The goal of this study is to propose a methodology that utilizes sentiment analysis to explore and extract mobility patterns using both openly available mobility data in New York City and users’ posts on social media. Using data from several modes of travel in NYC, such as public transit (subway), bicycle sharing system and taxis, the travel patterns of different demographic characteristics will be analyzed. Several factors that affect these travel patterns will be inferred. Appropriate planning and operational aspects for enhancing mobility will be proposed.
To ensure service is kept up to par with the expectations of a transit agency, extensive information pertinent to the quality of service is collected and tracked throughout its transit systems.
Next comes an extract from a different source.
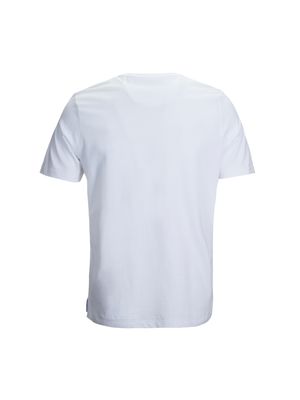 Camiseta M/C Organpoc Algodón Orgánico para Hombre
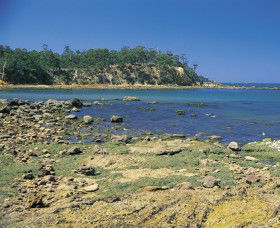 Aslings Beach - Maitland Accommodation 0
With the ever-growing accessibility to the Internet, it is now easier than ever for transit agencies from cities across the world to be more transparent with their customers about service performance by releasing their datasets to the public and researchers. As an example, in New York City, the current dashboard (created by the Metropolitan Transportation Authority (MTA)) allows for better communication to customers on the status of service. Most of this information is provided using the MetroCard entry data (MetroCard is the fare card used for transit in New York City). The data are available for train capacities, wait times, travel times and station environment, among many other metrics [5,6]. While transit agencies set their own expectations about the performance of their system, the users have their own series of expectations and opinions when riding the transit system. The users’ expectations have been collected by surveys and, more recently, on a greater scale on social media. Surveys and social media allow customers to express their own sentiment regarding service and allow insights on factors that satisfy or frustrate customers of transit.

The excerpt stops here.